What to do
Below are the entries. Transcribe exactly the lines from the one with "Предварительный просмотр 288" through the one with "Импульс, теорема об изменении импльса", ends included, and leave out all others.

--- Records for this task Enclosed Below ---

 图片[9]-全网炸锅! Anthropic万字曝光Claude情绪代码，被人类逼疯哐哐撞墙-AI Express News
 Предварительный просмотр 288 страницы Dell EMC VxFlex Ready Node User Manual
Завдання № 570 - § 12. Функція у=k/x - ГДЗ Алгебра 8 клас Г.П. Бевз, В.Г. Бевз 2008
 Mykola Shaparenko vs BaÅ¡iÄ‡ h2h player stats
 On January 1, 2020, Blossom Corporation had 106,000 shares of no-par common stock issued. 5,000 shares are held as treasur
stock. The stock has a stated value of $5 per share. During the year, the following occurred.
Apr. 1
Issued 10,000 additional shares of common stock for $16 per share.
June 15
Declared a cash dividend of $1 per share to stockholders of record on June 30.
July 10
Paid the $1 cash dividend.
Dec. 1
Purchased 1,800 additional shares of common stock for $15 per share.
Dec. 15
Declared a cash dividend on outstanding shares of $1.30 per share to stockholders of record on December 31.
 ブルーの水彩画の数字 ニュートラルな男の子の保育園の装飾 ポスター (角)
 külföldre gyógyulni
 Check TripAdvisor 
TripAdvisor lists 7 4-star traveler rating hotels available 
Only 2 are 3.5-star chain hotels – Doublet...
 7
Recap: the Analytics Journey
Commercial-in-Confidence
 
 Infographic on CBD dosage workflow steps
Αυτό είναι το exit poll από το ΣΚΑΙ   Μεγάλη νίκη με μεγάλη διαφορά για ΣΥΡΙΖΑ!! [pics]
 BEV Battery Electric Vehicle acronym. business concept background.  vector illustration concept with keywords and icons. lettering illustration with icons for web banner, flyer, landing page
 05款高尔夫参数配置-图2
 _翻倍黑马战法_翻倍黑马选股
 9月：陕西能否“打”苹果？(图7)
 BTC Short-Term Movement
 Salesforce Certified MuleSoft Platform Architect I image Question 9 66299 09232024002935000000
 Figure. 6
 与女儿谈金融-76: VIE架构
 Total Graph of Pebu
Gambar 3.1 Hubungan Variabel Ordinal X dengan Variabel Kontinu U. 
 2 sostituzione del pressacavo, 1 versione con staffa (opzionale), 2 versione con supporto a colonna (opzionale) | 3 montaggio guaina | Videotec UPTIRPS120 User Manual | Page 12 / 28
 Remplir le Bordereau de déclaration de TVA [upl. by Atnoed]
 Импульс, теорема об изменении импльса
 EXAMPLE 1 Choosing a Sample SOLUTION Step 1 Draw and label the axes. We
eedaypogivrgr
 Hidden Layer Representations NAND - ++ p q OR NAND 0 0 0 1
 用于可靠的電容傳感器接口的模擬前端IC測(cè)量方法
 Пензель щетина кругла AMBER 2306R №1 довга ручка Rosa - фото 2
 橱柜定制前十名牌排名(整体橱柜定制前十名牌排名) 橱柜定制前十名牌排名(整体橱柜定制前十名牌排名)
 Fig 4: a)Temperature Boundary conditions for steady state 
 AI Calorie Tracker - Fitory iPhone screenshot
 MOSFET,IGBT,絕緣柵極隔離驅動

--- End of Enclosed Records for this task ---

Solution to the problem
 Предварительный просмотр 288 страницы Dell EMC VxFlex Ready Node User Manual
Завдання № 570 - § 12. Функція у=k/x - ГДЗ Алгебра 8 клас Г.П. Бевз, В.Г. Бевз 2008
 Mykola Shaparenko vs BaÅ¡iÄ‡ h2h player stats
 On January 1, 2020, Blossom Corporation had 106,000 shares of no-par common stock issued. 5,000 shares are held as treasur
stock. The stock has a stated value of $5 per share. During the year, the following occurred.
Apr. 1
Issued 10,000 additional shares of common stock for $16 per share.
June 15
Declared a cash dividend of $1 per share to stockholders of record on June 30.
July 10
Paid the $1 cash dividend.
Dec. 1
Purchased 1,800 additional shares of common stock for $15 per share.
Dec. 15
Declared a cash dividend on outstanding shares of $1.30 per share to stockholders of record on December 31.
 ブルーの水彩画の数字 ニュートラルな男の子の保育園の装飾 ポスター (角)
 külföldre gyógyulni
 Check TripAdvisor 
TripAdvisor lists 7 4-star traveler rating hotels available 
Only 2 are 3.5-star chain hotels – Doublet...
 7
Recap: the Analytics Journey
Commercial-in-Confidence
 
 Infographic on CBD dosage workflow steps
Αυτό είναι το exit poll από το ΣΚΑΙ   Μεγάλη νίκη με μεγάλη διαφορά για ΣΥΡΙΖΑ!! [pics]
 BEV Battery Electric Vehicle acronym. business concept background.  vector illustration concept with keywords and icons. lettering illustration with icons for web banner, flyer, landing page
 05款高尔夫参数配置-图2
 _翻倍黑马战法_翻倍黑马选股
 9月：陕西能否“打”苹果？(图7)
 BTC Short-Term Movement
 Salesforce Certified MuleSoft Platform Architect I image Question 9 66299 09232024002935000000
 Figure. 6
 与女儿谈金融-76: VIE架构
 Total Graph of Pebu
Gambar 3.1 Hubungan Variabel Ordinal X dengan Variabel Kontinu U. 
 2 sostituzione del pressacavo, 1 versione con staffa (opzionale), 2 versione con supporto a colonna (opzionale) | 3 montaggio guaina | Videotec UPTIRPS120 User Manual | Page 12 / 28
 Remplir le Bordereau de déclaration de TVA [upl. by Atnoed]
 Импульс, теорема об изменении импльса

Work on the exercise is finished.